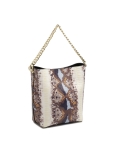 Többszínű mintás láncos kézitáska LETI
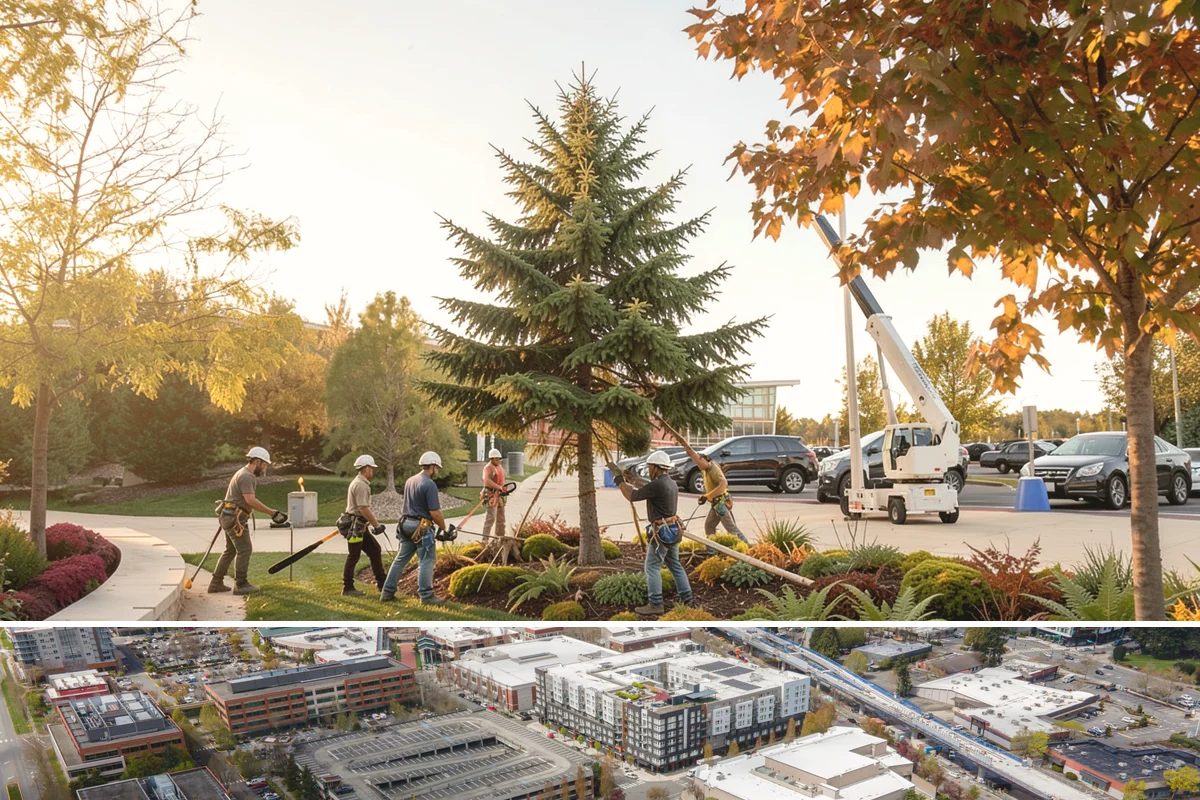 Young tree training in Redmond, King County, WA - Work should follow recognized arboricultural standards matched to specific seasonal sensitivities for each species in the Puget...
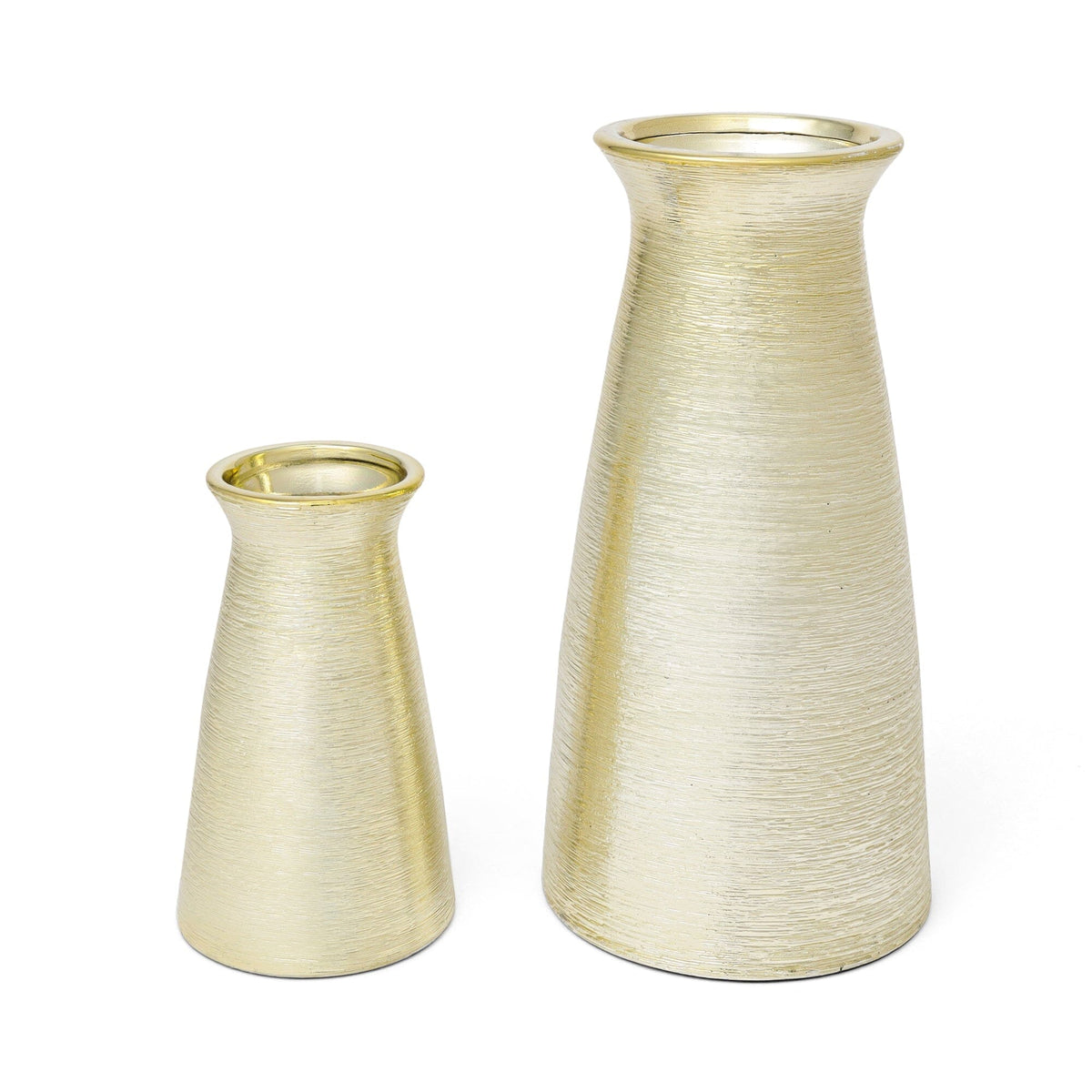 Satin Flower Vase Medium Gold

-.-.-

◆ Directions for this task ◆
A word-for-word repetition of the data above, without pictures, is the expected answer.

◆ Your response ◆
 Többszínű mintás láncos kézitáska LETI
 Young tree training in Redmond, King County, WA - Work should follow recognized arboricultural standards matched to specific seasonal sensitivities for each species in the Puget...
 Satin Flower Vase Medium Gold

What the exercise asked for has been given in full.